→ **Description of the task**:
The pictures are to be omitted when the entries are reproduced exactly.

+++++

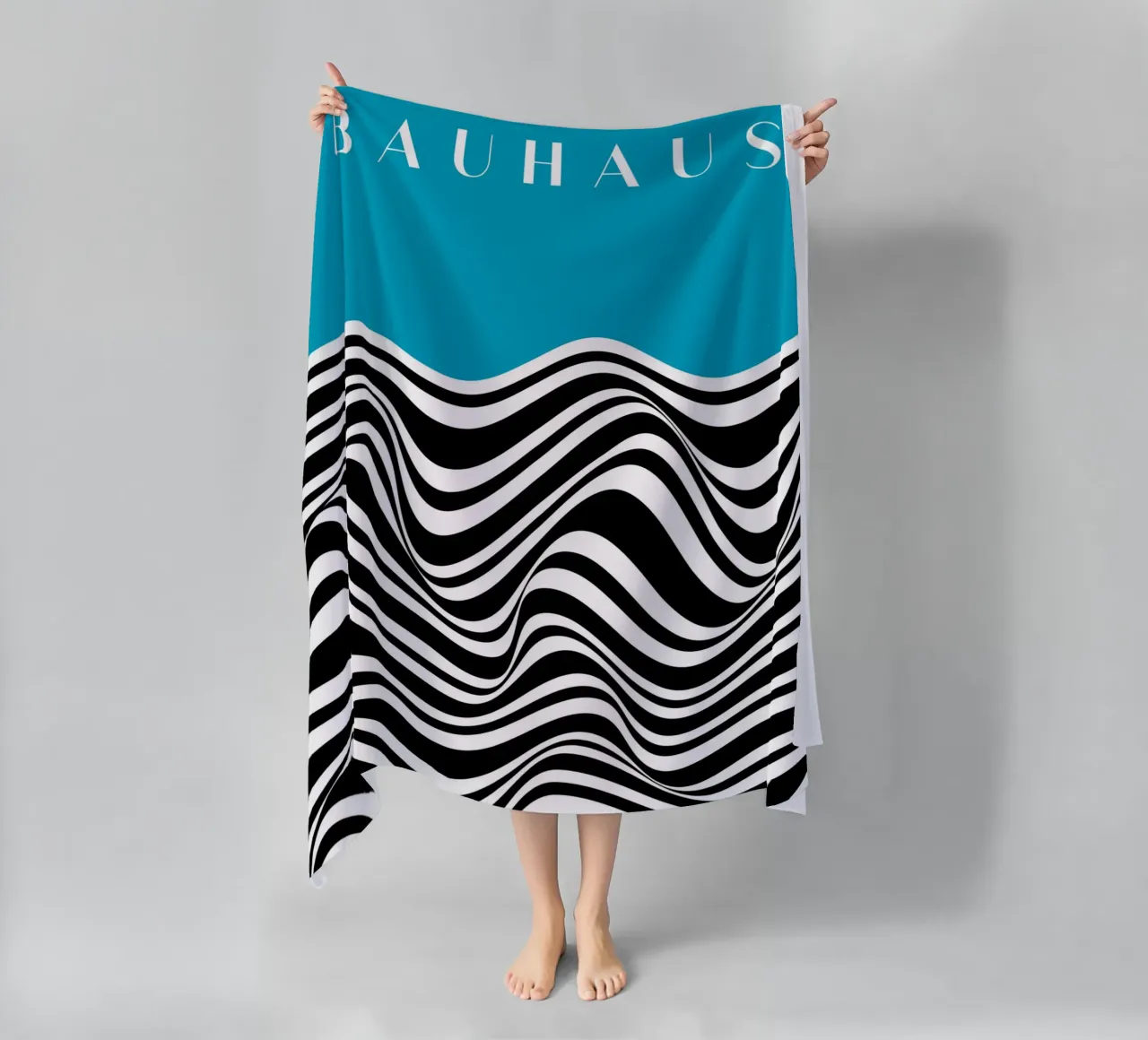 Bauhaus Wave Design - Grafica astratta in bianco e nero telo mare da Whole©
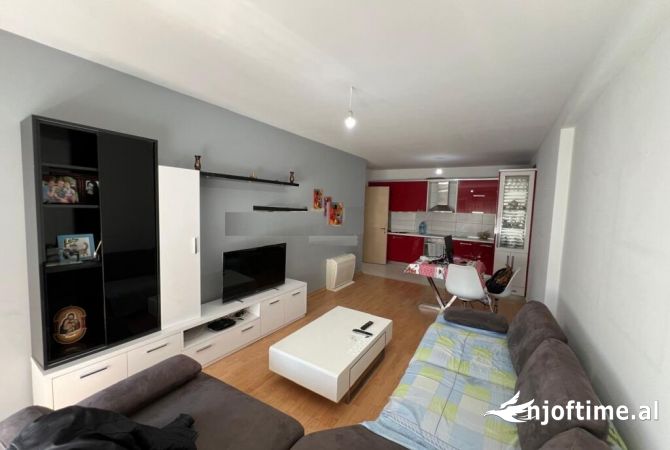 Shtepi me qera 2+1 ne Tirane - 700 Euro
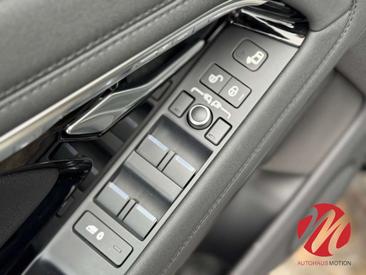 Land Rover Range Rover Evoque R-Dynamic SE — photo 23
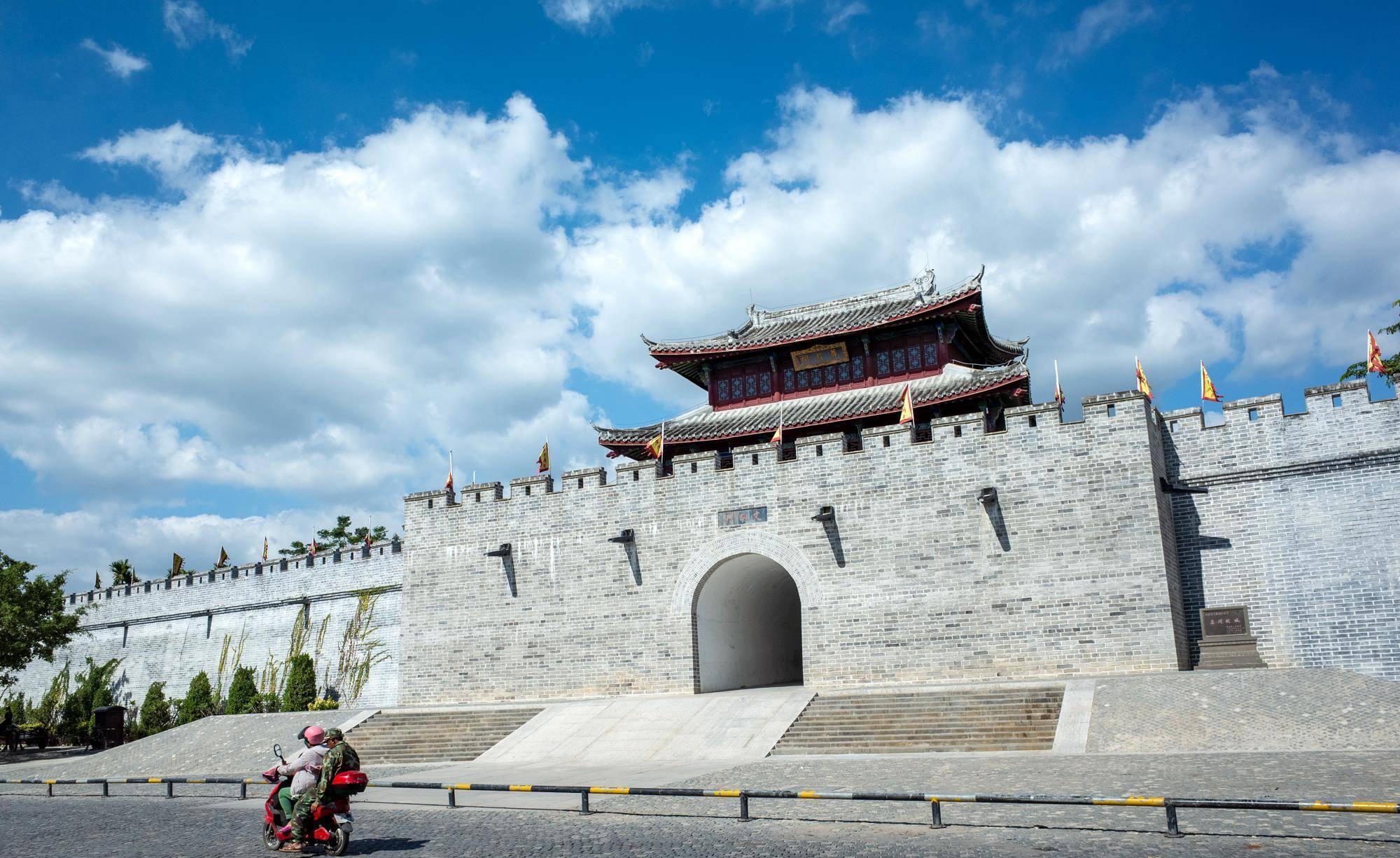 海南被遗忘的古城,中国最南的孔庙在这,门票免费知道的人却不多_三亚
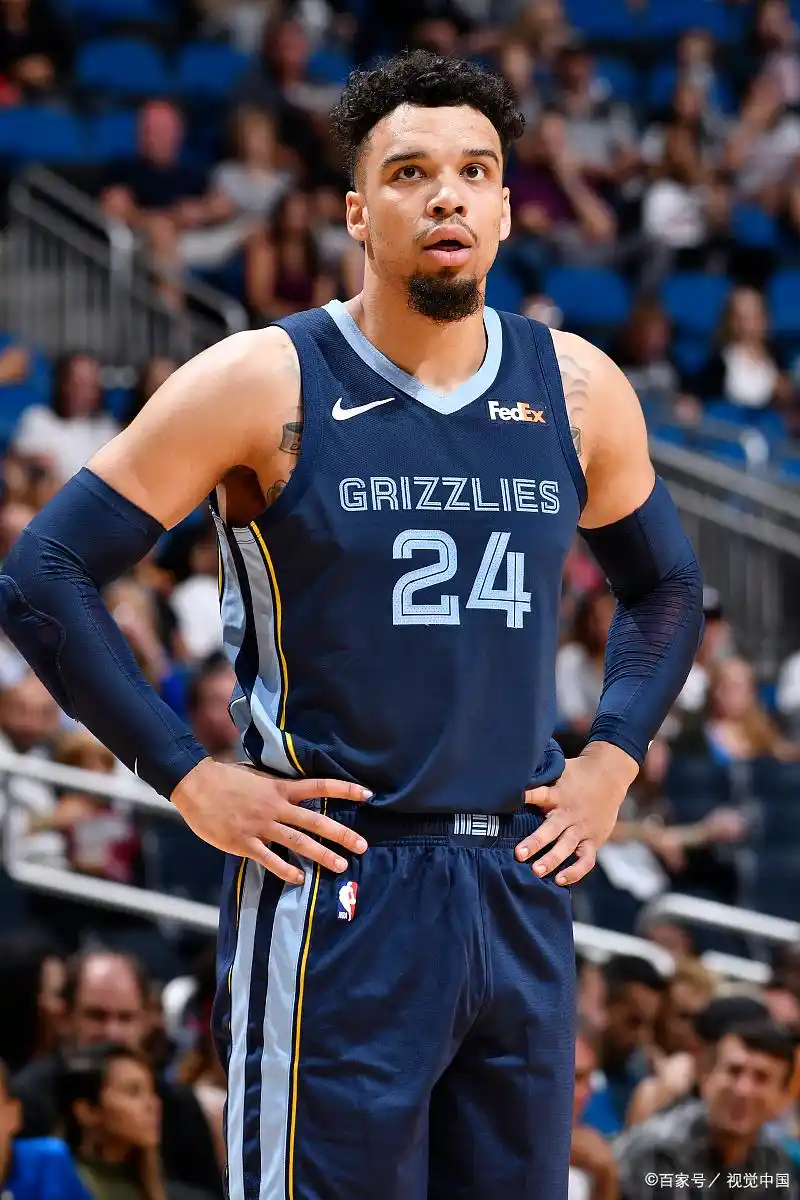 NBA球员身高臂展对比_NBA历史上臂展前十球员_nba最长臂展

+++++

→ **Solution to the exercise**:
 Bauhaus Wave Design - Grafica astratta in bianco e nero telo mare da Whole©
 Shtepi me qera 2+1 ne Tirane - 700 Euro
 Land Rover Range Rover Evoque R-Dynamic SE — photo 23
 海南被遗忘的古城,中国最南的孔庙在这,门票免费知道的人却不多_三亚
 NBA球员身高臂展对比_NBA历史上臂展前十球员_nba最长臂展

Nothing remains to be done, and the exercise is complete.